Consider the aggregation rule as:
USE LogLogic_Monitor_Cpu | GROUP BY ll_nodeId, weeks(sys_eventTime), days(sys_eventTime), hours(sys_eventTime, 5) COLUMNS max(ll_systemCPU), max(ll_processCPU), avg(ll_systemCPU), avg(ll_processCPU)Now consider the following search queries:
- Query1
-
USE LogLogic_Monitor_Cpu | GROUP BY ll_nodeId, weeks(sys_eventTime) COLUMNS max(ll_systemCPU),avg(ll_processCPU)
Query1 matches the aggregation rule because all conditions match:- The USE clause in Query1 is the same as that of the aggregation rule.
- The GROUP BY non-time aggregate (ll_nodeId) in Query1 is exactly the same as that in the aggregation rule.
- The time aggregate column weeks(sys_eventTime) is a subset of that in the aggregation rule.

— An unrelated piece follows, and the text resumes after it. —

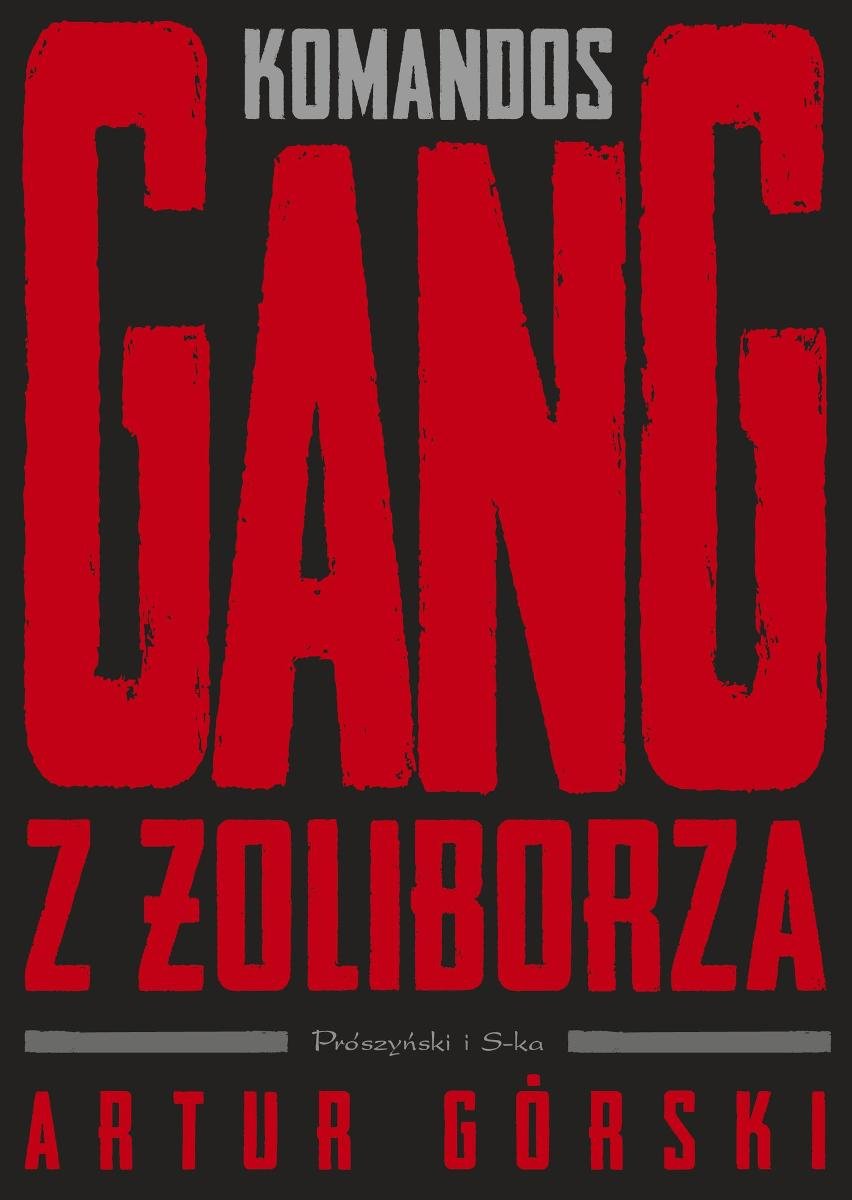 Komandos. Gang z Żoliborza - ebook epub okładka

So, the GROUP BY clause of Query1 is a subset of the GROUP BY clause of the aggregation rule.
- The projection aggregates in Query1, max(ll_systemCPU), avg(ll_processCPU), are a subset of that in the aggregation rule.
- Query2
-
USE LogLogic_Monitor_Cpu, Loglogic_Appliance | GROUP BY ll_nodeId, weeks(sys_eventTime) COLUMNS max(ll_systemCPU), avg(ll_processCPU)
Query2 does not match the aggregation rule because:
The USE clause in Query2 is not same as that of the aggregation rule; it has an extra data model Loglogic_Appliance.
- Query3
-
USE LogLogic_Monitor_Cpu | GROUP BY ll_nodeId, ll_pRuleID, weeks(sys_eventTime) COLUMNS max(ll_systemCPU), avg(ll_processCPU)
Query3 does not match the aggregation rule because:
The GROUP BY non-time aggregate in Query3 is not exactly the same as that in the aggregation rule; it has an extra column ll_pRuleID.
- Query4
-
USE LogLogic_Monitor_Cpu | GROUP BY ll_nodeId, minutes(sys_eventTime) COLUMNS max(ll_systemCPU), avg(ll_processCPU)
Query4 does not match the aggregation rule because:
The time GROUP BY in Query4 is not equal to or a subset of that in the aggregation rule; it has a different column minutes(sys_eventTime).
- Query5
-
USE LogLogic_Monitor_Cpu | GROUP BY ll_nodeId, minutes(sys_eventTime) COLUMNS max(ll_systemCPU), sum(ll_processCPU)
Query5 does not match the aggregation rule because:
The projection columns in Query5 are not equal to or a subset of that in the aggregation rule; it has a different column sum(ll_processCPU).